I updated on CC (I may update about others on this last binge) but I feel this part is more about wanting to be done readings (again)
What also helped me a lot this time around doing workbook therapy on my previous ex about narcissist abuse and healing via my attachment style.
And the truth is I have to actively take time FOR ME to put in place for me to practice :
Feel seen
Feel special
Feel safe and protected
Hold my boundaries
Let it be ok to express my anger and still love myself
I see I do put myself down hard with my inner dialogue
Like I see why the previous ex is very hard to get over, and how this new person started to meet this stuff. The prosperity of a new start with someone!
Lots of mindfulness when activated and art therapy
Prayer per usual
Sitting down with myself and writing out:
What do I think/feel will likely happen?
What am I afraid will happen?
What do I want to happen?
What do I think these ppl owe me?
Even grieving the relationship of what could have happen and the upside of letting it go?

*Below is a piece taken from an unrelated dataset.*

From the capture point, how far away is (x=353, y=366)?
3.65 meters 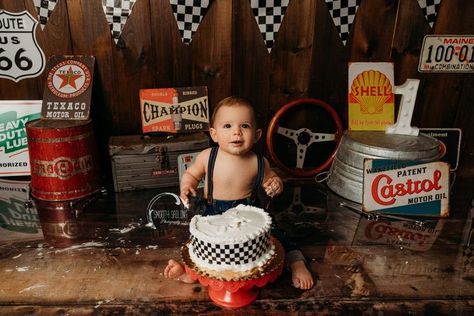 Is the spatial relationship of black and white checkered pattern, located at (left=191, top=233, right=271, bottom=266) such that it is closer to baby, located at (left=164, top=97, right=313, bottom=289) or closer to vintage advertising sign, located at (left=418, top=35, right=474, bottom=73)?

Then writing out how I surrender all of this to God and be in mindfulness breath for couple minutes THEN going about my day. That’s it! Drop it! Go about my day and next moment at hand. (Which is a bit of manifesting and surrendering and detaching) BUT that’s the hardest thing for me to do. Just dropping it and go do something else! Fully be in something else, fully focus on other things… and that’s been such a huge challenge but it keeps in me the moment and promotes better outcomes and sanity instead of ruminating
This part is also helpful
The upside of letting go of what could have been. (Versus chasing to hear what I wanted to happen from psychics as a middle man and reminding myself I don’t have control of the future but I do of my actions and that all I can be. Will the good of myself and will the good of others not in vanity)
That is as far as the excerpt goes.